Helping caregivers acquire coping skills that can help address their own progressing needs will be important for both the caregiver’s well-being and the care provided to older adults living with dementia. Several caregiver coping strategies have been identified in the literature along with validated instruments to assess their impact [33,34,35]. These coping strategies include: caregiver mastery, task management strategies, and problem-solving coping. For example, the Perceived Change Index has been used to assess whether a caregiver’s life situation has become worse or improved over the past month, while the Task Management Strategy Index evaluates the extent to which positive caregiving strategies were used to manage activities of daily living dependence and problem behaviors in care recipients [33,34,35]. These and other instruments provide the opportunity to evaluate the impact of any intervention designed to help caregivers manage the caregiving role.

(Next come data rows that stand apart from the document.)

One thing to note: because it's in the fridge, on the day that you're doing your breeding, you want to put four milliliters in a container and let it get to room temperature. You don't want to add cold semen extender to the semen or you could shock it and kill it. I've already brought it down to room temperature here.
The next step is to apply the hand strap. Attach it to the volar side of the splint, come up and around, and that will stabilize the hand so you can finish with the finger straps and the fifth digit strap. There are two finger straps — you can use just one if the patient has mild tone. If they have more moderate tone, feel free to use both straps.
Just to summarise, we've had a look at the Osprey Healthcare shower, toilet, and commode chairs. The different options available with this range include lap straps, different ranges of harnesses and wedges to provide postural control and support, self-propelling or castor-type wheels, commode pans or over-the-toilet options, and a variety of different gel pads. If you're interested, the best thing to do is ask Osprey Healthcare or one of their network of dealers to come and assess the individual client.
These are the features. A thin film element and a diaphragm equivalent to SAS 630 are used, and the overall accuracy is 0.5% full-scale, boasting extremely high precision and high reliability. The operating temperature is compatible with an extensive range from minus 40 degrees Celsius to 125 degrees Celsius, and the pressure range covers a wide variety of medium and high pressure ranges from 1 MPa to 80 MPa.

Overall, the caregivers interviewed in this study express the desire to provide the best possible care to their loved ones living with dementia. They also recognize the importance of maintaining a healthy and balanced quality-of-life, particularly as their loved ones’ condition deteriorates over time. Since caregivers’ needs tend to increase as their loved ones’ condition worsens, efforts must be made to support caregivers in meeting these needs. Caregivers who describe having good support systems seem to be better at coping with the disease progression compared to caregivers with limited support. Social support was identified as an important buffer for caregivers since it provides the opportunity to share some of the burden associated with caregiving. Also, social support contributes to favorable health outcomes for the caregiver including better sleep quality, lower rates of depression, lower burden, and better psychological outcomes [36,37,38]. As the findings from this study show, these factors improve the caregiver’s own quality of life and can contribute to better care for older people living with dementia.

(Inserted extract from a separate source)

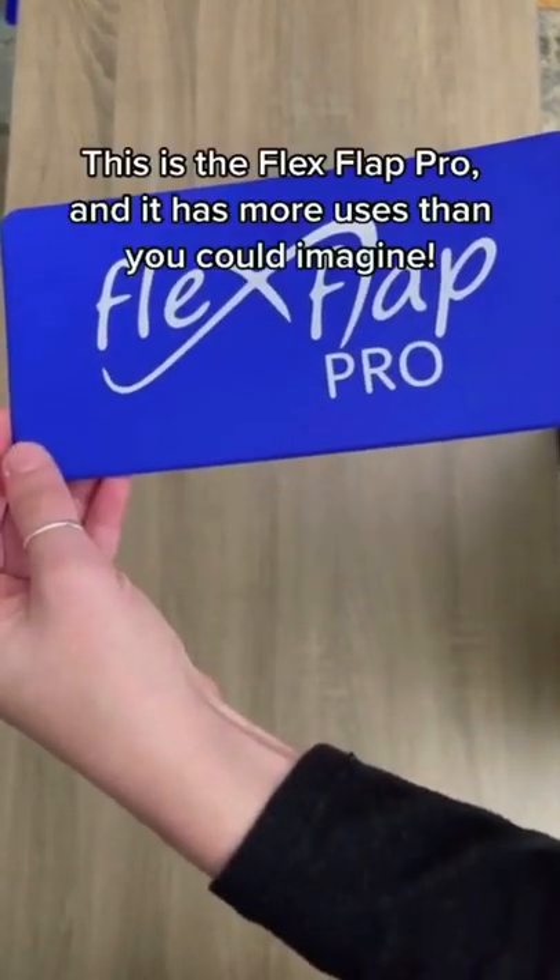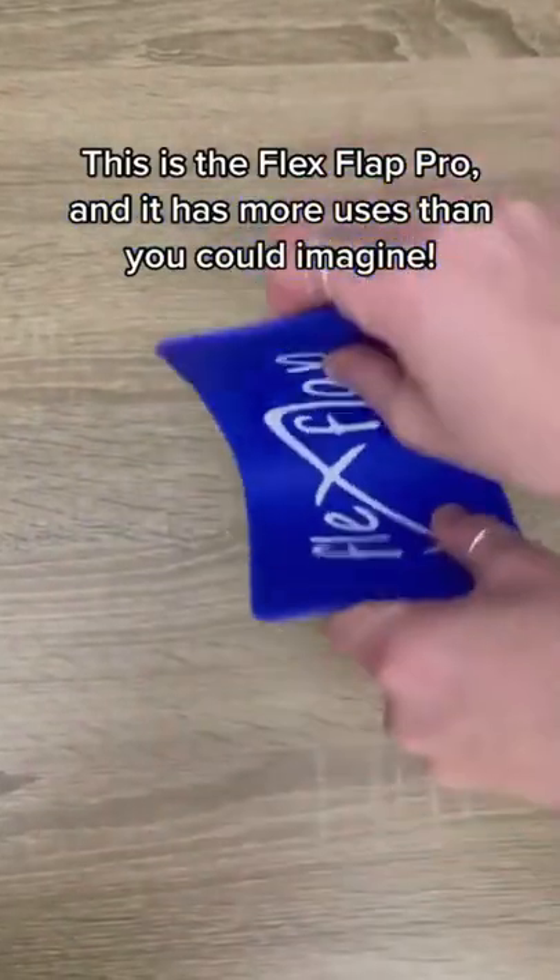Our favorite Amazon finds, Part 90. This is the Flex Flat Pro and it has more uses than you can imagine.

While this current study was conducted prior to start of the COVID-19 pandemic, it is important to note that restrictions put in place to limit the spread of the virus are exacerbating the challenges faced by caregivers to meet their loved ones’ needs and to keep them safe. Due to social isolation, limitations in the availability of in-home health services, respite care, and other types of informal support, many caregivers are at risk for greater emotional and physical stress [39, 40]. For those caregivers whose loved one may require residential long term support services, this option may not be viable due to increased infection and mortality rates of COVID-19 in these settings  and limited access to visitors . Now more than ever, caregivers need psychological and physical support from providers, family, and friends to help preserve their health and wellbeing [39, 43].
Strengths and Limitations
This study has some limitations. For example, a more diverse sample may yield slightly different themes. For example, studies have shown that family caregivers who are members of a racial or ethnic minority group may face unique challenges when caring for their loved ones [44,45,46]. Therefore, the lack of racial or ethnic diversity among the study participants could be considered a limitation.

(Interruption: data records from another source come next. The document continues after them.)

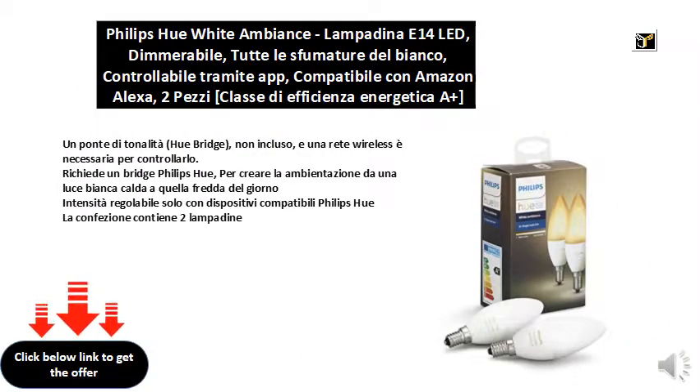A tonal bridge, Hue bridge not included, and a wireless network is needed to control it. Requires a Philips Hue bridge to create the setting from a warm white light to the cold one of the day. Intensity adjustable only with Philips Hue compatible devices.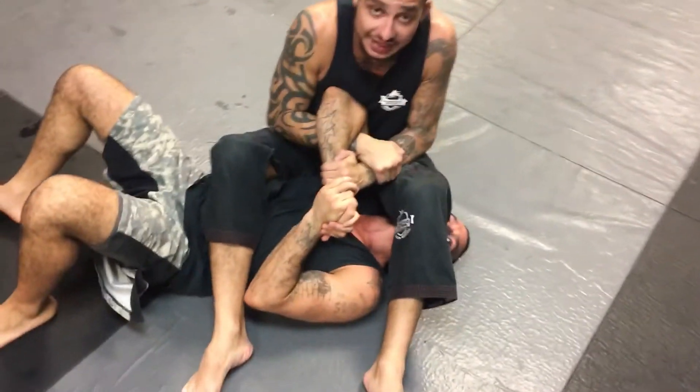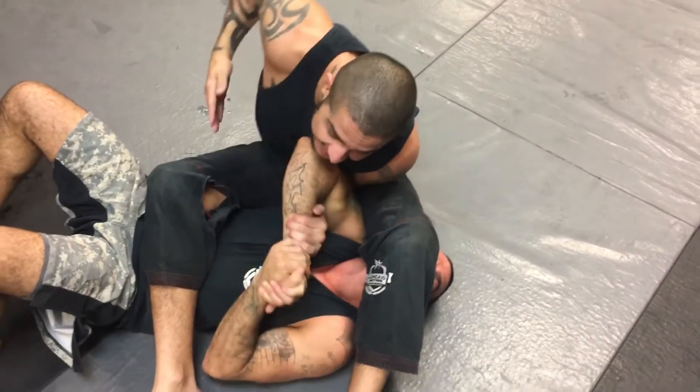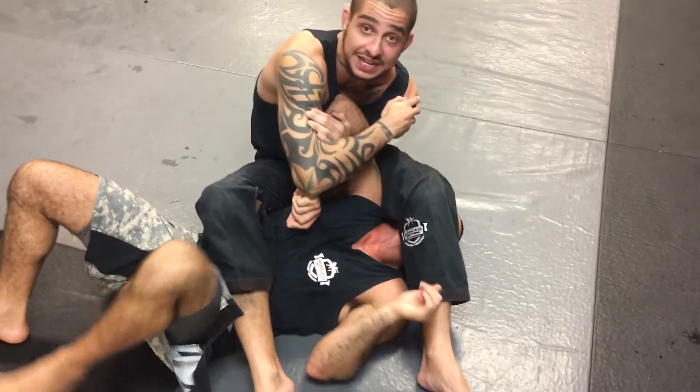So again — we've got the arm bar, the guy's got a good grip. I'm going to come from the inside, grab the wrist, pull this hand back, hold it tight like I'm doing a rear naked choke. Then I'm going to go back and towards the leg.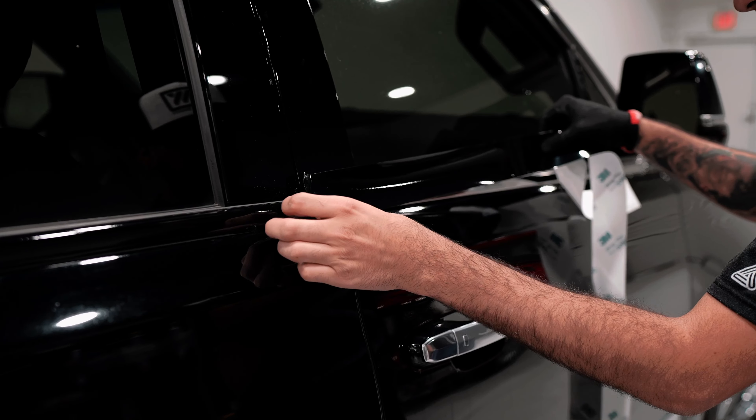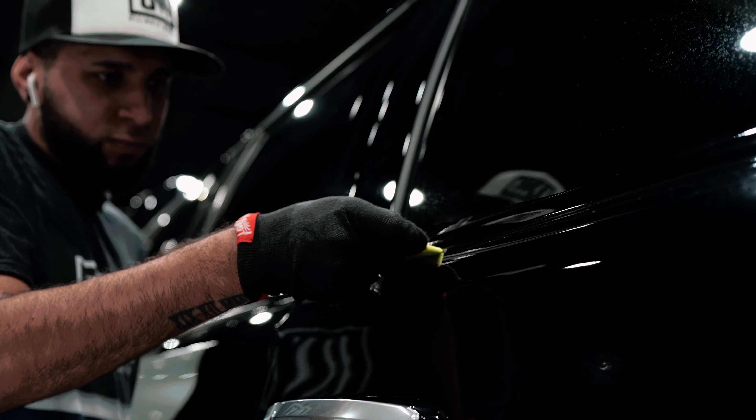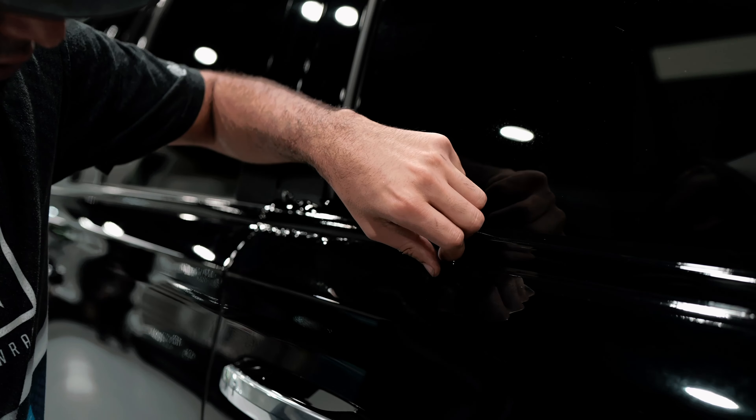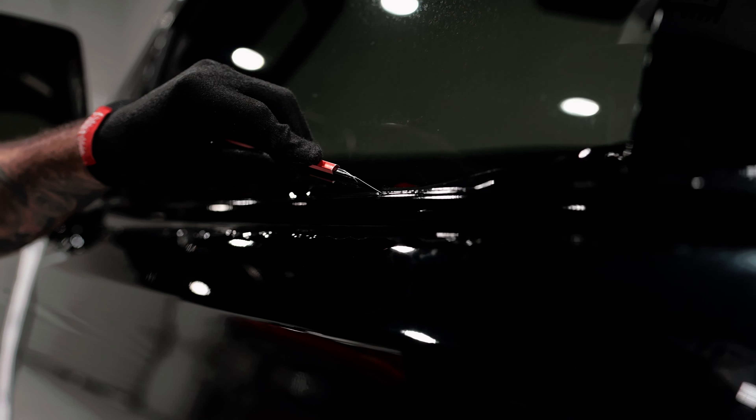Chrome delete will deliver a fresh new look to your car. The most common choices when people look to de-chrome their rides are matte black, satin black, and gloss black. We can do it all — contact us today.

While future studies are needed to further explore the relationship between caregiver QoL and care provided with a greater focus on racial/ethnic identity, type of dementia, and socioeconomic status, the use of both focus group and one-on-one interviews for data collection is an important strength of this study. Also, strategies such as memo keeping, audit trail, and investigator triangulation were used to enhance reliability, validity, and generalizability of the study findings [25,26,27].
Further, recruitment of participants from two geographic locations is another strength. In addition, interviews and focus groups were conducted in-person, allowing the researchers to observe participants’ body language, facial expression, non-verbal cues, and other relevant reaction.